In the data below, locate the line containing "①] 관련 이미지 8" and the line containing "American Orthodontics PowerScope", then retype both and everything between them exactly. Pictures are not part of the copy.

» EXERCISE INPUTS:

++++

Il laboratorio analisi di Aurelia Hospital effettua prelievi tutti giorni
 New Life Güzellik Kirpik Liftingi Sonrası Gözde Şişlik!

++++

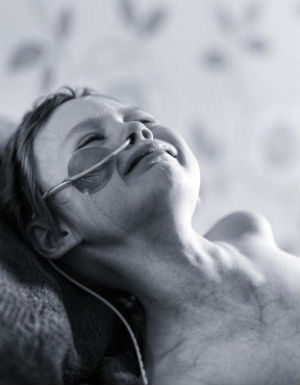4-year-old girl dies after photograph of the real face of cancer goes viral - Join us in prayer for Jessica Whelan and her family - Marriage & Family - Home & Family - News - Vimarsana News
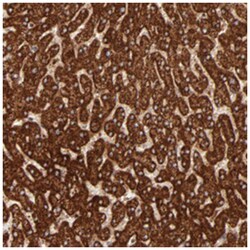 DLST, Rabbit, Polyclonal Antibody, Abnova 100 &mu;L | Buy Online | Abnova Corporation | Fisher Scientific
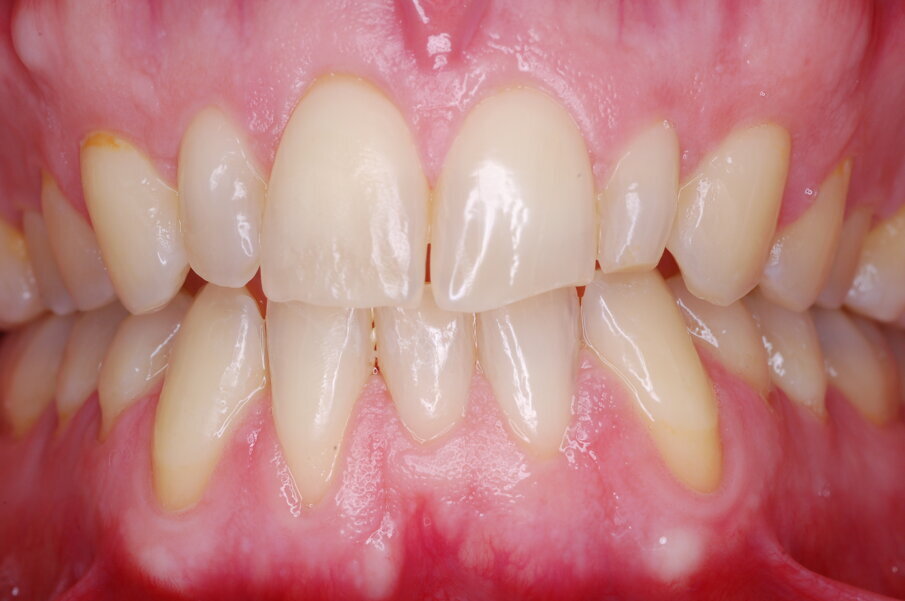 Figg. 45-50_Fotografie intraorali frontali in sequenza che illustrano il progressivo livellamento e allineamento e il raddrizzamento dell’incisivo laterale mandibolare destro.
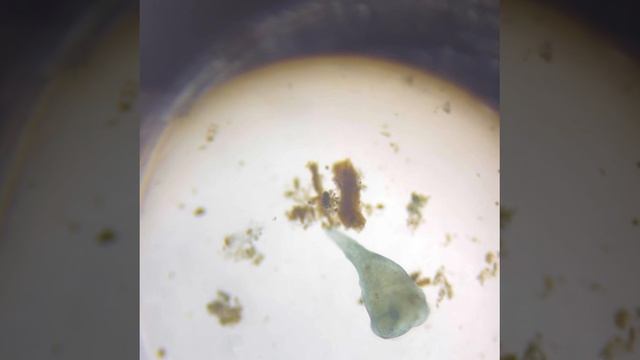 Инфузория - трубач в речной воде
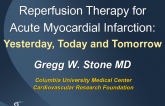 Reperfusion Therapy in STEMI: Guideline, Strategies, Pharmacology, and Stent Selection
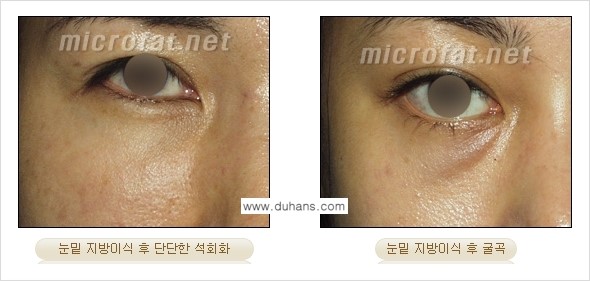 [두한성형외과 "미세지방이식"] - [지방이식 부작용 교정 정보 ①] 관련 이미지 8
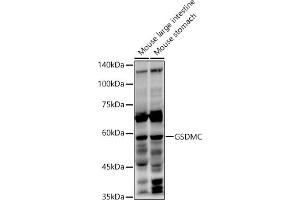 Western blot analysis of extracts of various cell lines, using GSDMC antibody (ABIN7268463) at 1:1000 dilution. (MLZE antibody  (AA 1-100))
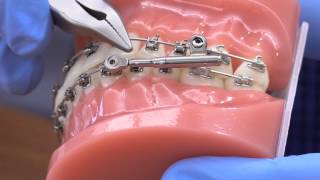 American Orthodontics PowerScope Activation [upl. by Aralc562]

++++

» ANSWER AREA:
 [두한성형외과 "미세지방이식"] - [지방이식 부작용 교정 정보 ①] 관련 이미지 8
 Western blot analysis of extracts of various cell lines, using GSDMC antibody (ABIN7268463) at 1:1000 dilution. (MLZE antibody  (AA 1-100))
 American Orthodontics PowerScope Activation [upl. by Aralc562]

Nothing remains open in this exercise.